*TASK REQUIREMENTS*: The output should contain the listing word for word and no pictures.

Start of EXTRACTED RECORDS

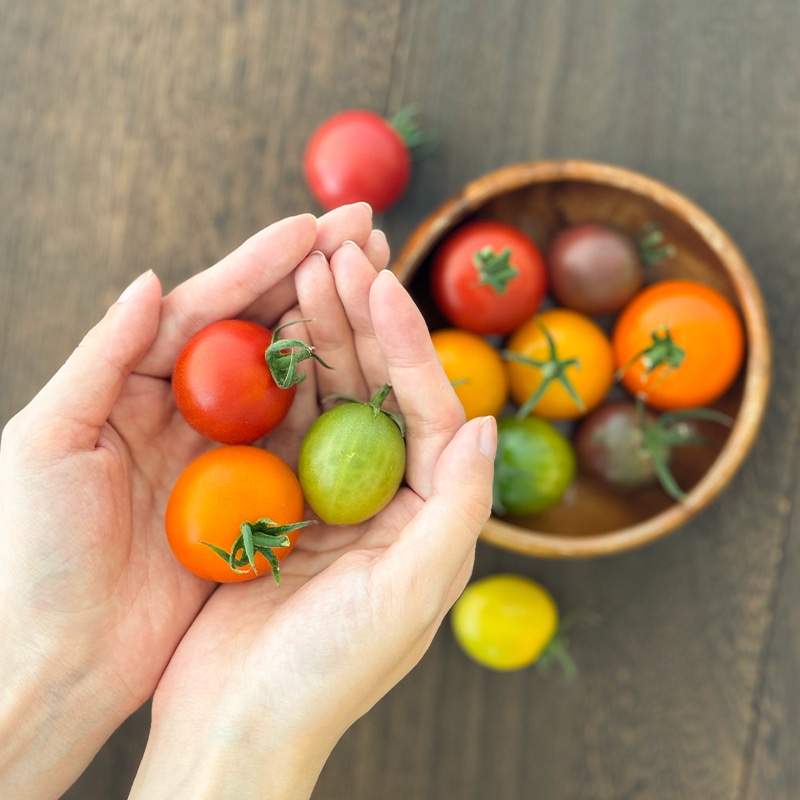 ミディフルBOX（2kg） | Lacycle mall（ラシクルモール）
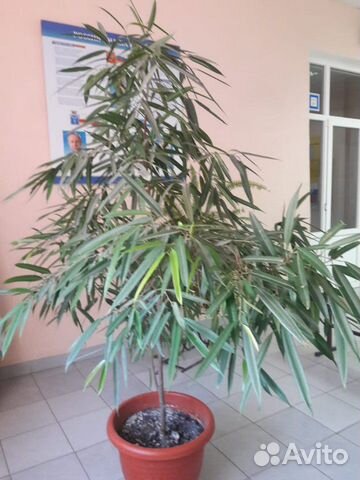 Цветы комнатные Цветы комнатные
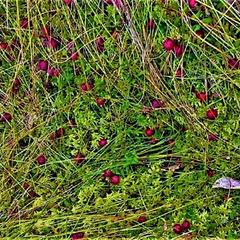 Гостевой дом на базе "Чайка-Селигер", Селижарово, Тверская область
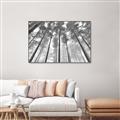 Picture of Sky High Trees _GroupedProduct_Rectangle_Landscape_Photography _GroupedProduct_Rectangle_Landscape_Canvas_Framed_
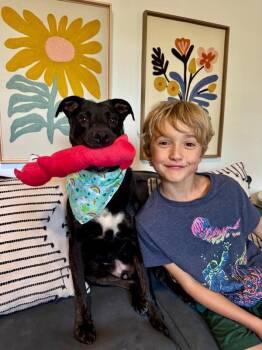 Labrador Retriever and Pit Bull Terrier Dogs Available for Adoption in Friendswood, Texas - Ducky Bubby The Goofy Kid Approved Cutie | PetCurious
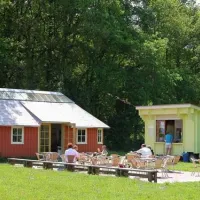 camping-de-roos-ommen-igoq4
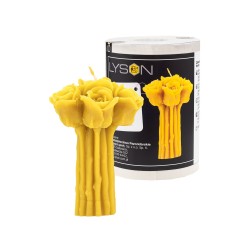 Forma din silicon - Buchet de trandafiri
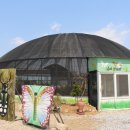 여주곤충박물관 이미지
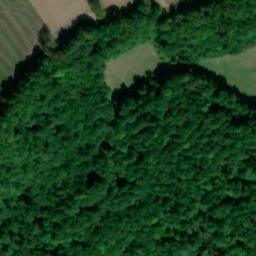 Satellite imagery of Wieselsberg, DE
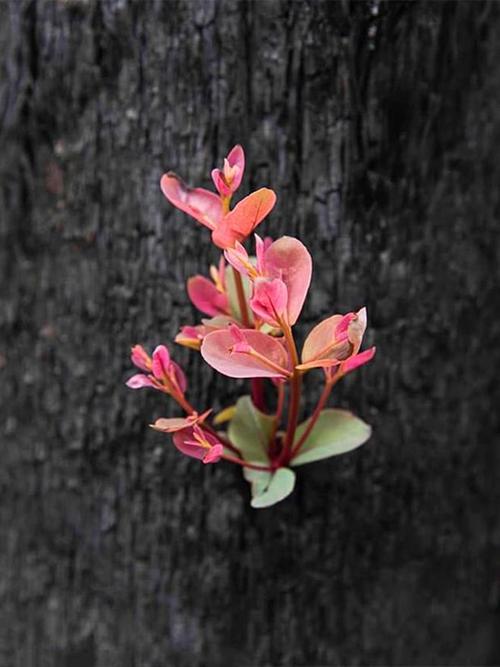 梦见枯木发芽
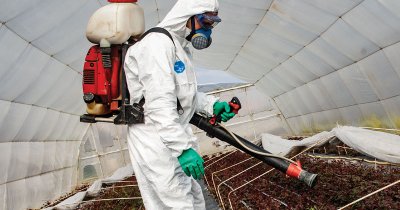 Personal protective equipment during fruit spraying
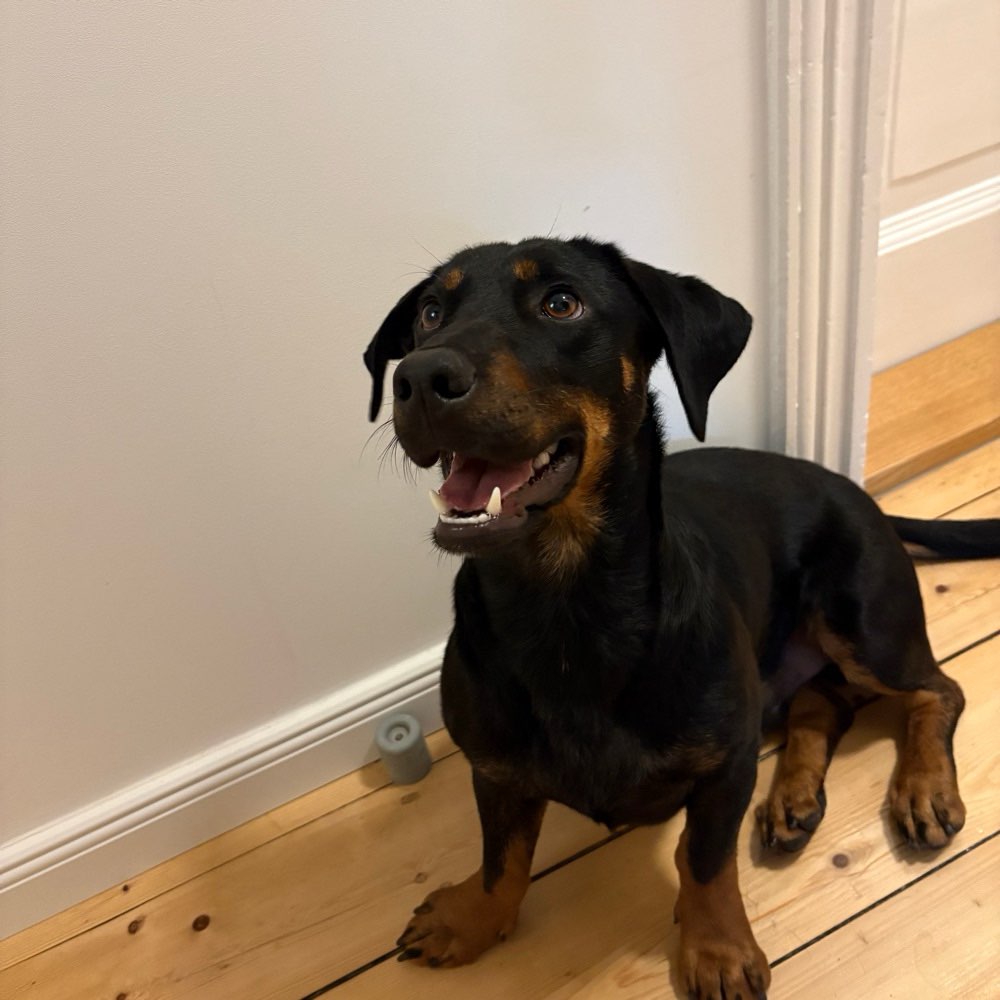 Hundetreffen-Playdate/Spielpartner gesucht 🐾-Profilbild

End of EXTRACTED RECORDS

*SOLUTION TO THIS PROBLEM*:
 ミディフルBOX（2kg） | Lacycle mall（ラシクルモール）
 Цветы комнатные Цветы комнатные
 Гостевой дом на базе "Чайка-Селигер", Селижарово, Тверская область
 Picture of Sky High Trees _GroupedProduct_Rectangle_Landscape_Photography _GroupedProduct_Rectangle_Landscape_Canvas_Framed_
 Labrador Retriever and Pit Bull Terrier Dogs Available for Adoption in Friendswood, Texas - Ducky Bubby The Goofy Kid Approved Cutie | PetCurious
 camping-de-roos-ommen-igoq4
 Forma din silicon - Buchet de trandafiri
 여주곤충박물관 이미지
 Satellite imagery of Wieselsberg, DE
 梦见枯木发芽
 Personal protective equipment during fruit spraying
 Hundetreffen-Playdate/Spielpartner gesucht 🐾-Profilbild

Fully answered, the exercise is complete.